Task A. Ignore the text (reviews) and run a classification model with the numeric data (you can use standard methods like logistic regression, k-nearest neighbors or anything else). What is the best accuracy of your model with numeric data?

Just try logistic regression

In [19]:
data = readData(0.2, random_state=8)
train_1, test_1 = generateTrainTest(data, 0.7, random_state=8)
X_train, y_train = splitXY(train_1)
model_1 = logistic_model(X_train, y_train)
X_test, y_test = splitXY(test_1)
prediction = model_1.predict(X_test)
printAccuracy(prediction, y_test)


  readData:     0.121 seconds
generateTrainTest:     0.006 seconds
generateFormula:     0.001 seconds
generateFormula:     0.001 seconds
Accuracy: 0.6706

Task B. Perform a supervised classification on a subset of the corpus using the reviews only. You can write your code in Python or R. What accuracy do you get from this text mining exercise?


In [20]:
data["wc"] = data.Review.map(review2wc)
train_2, test_2 = generateTrainTest(data, 0.7, random_state=8)


generateTrainTest:     0.004 seconds

In [21]:
classifier = NBClassifier()
classifier.fit(train_2, "wc", "target")
prediction = classifier.predict(test_2, threshold=3.5)
printAccuracy(prediction, test_2.target)


token_count:     0.092 seconds
token_count:     0.033 seconds
token_count:     0.019 seconds
 term_prob:     0.009 seconds
 term_prob:     0.055 seconds
  log_prob:     0.008 seconds
Accuracy: 0.6822

The accuracy of NB is similar to logistic regression.

Task C. Combine the numeric data and the text classification model (in task B) to create a “hybrid” model. It is your task to figure out how to do this. Now run this hybrid classification model and compare the results with those in A and B. Does the numeric data add to the predictive power relative to text?

Add a column of scores generated from the Naive Bayes classifier to the data, and rerun logistic regression on all numeric variables

In [22]:
data["total_score"] = classifier.predict(data, threshold=3.5)
train_3, test_3 = generateTrainTest(data, 0.7, random_state=8)
X_train, y_train = splitXY(train_3)
model_2 = logistic_model(X_train, y_train)
X_test, y_test = splitXY(test_3)
prediction = model_2.predict(X_test)
printAccuracy(prediction, y_test)


generateTrainTest:     0.004 seconds
generateFormula:     0.001 seconds
generateFormula:     0.001 seconds
Accuracy: 0.6822

The accuracy is not significantly higher.

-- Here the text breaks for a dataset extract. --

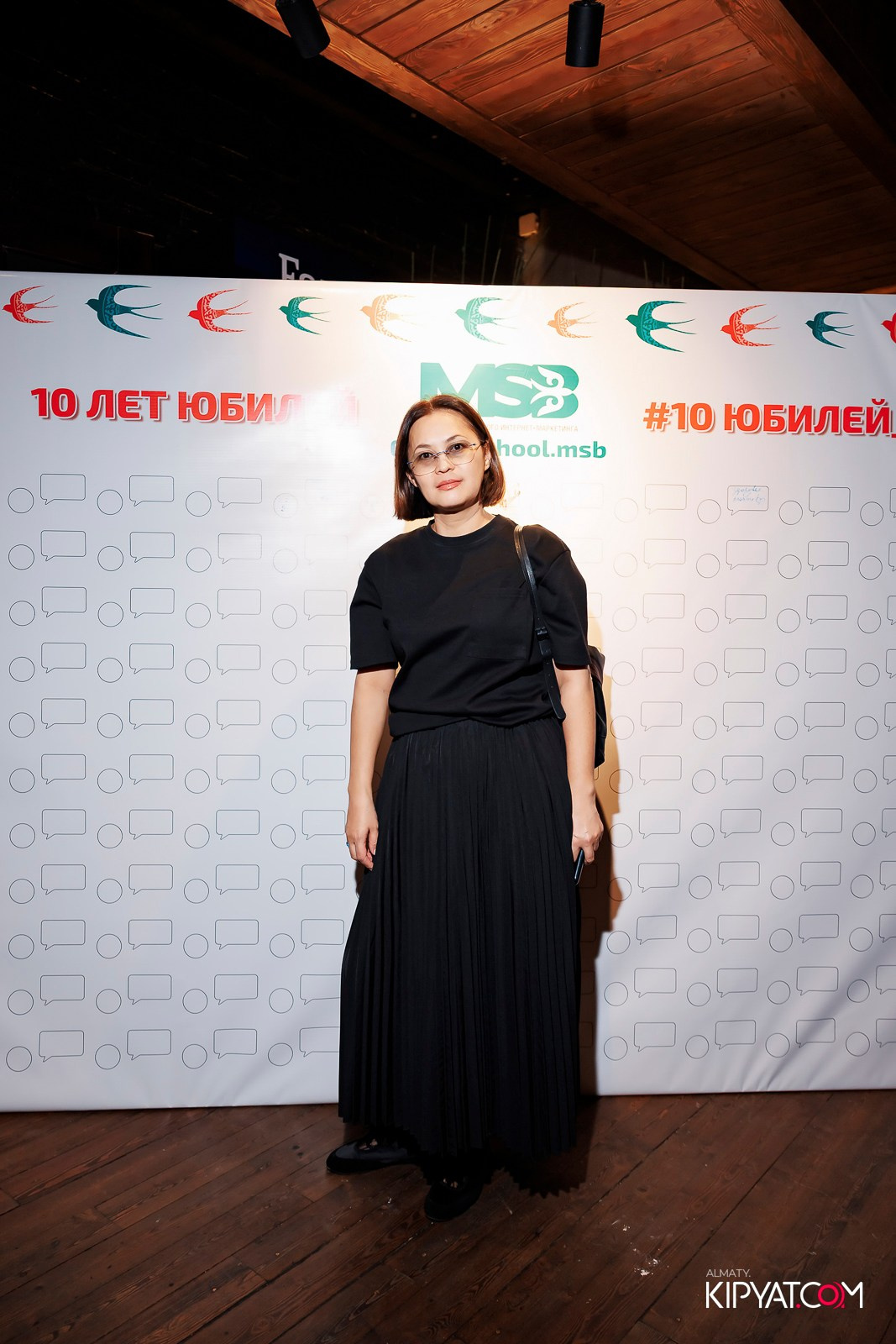 10-ЛЕТИЕ MSB|ШКОЛА ПРАКТИЧЕСКОГО ИНТЕРНЕТ-МАРКЕТИНГА. КИПЯТКОМ АЛМАТЫ! Фотосъемка мероприятий в Алматы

Task D. Use unsupervised sentiment analysis on the reviews (with SentiStrength or any other tool) and use the sentiment scores to predict high/low rating. Compare and contrast the results of tasks B and D. What can you conclude from your analysis?

Vector angle approach

Compare each review with a totally biased positive/negative review, and compare the ratio of $\frac{\cos \langle review, positive \rangle}{\cos \langle review, positive \rangle}$ with a user specified threshold.


In [23]:
totally_positive = "This restaurant is very good. It is actually the best on that I have ever been to.\
                    The queue could be long, but if you have booked well in advance it would not be a problem.\
                    Everyone smiles and their service is definitely professional. The foods are fantastic,\
                    and the price is low, I mean affordable. The wines are very nice, and there is a good collection\
                    of desserts which tastes phenomenal. The waiter and waitress are attentative and helpful.\
                    I believe they have been trained very well. Tables are clean, dishes\
                    served in time and they taste absolutely delicious. I totally recommend it."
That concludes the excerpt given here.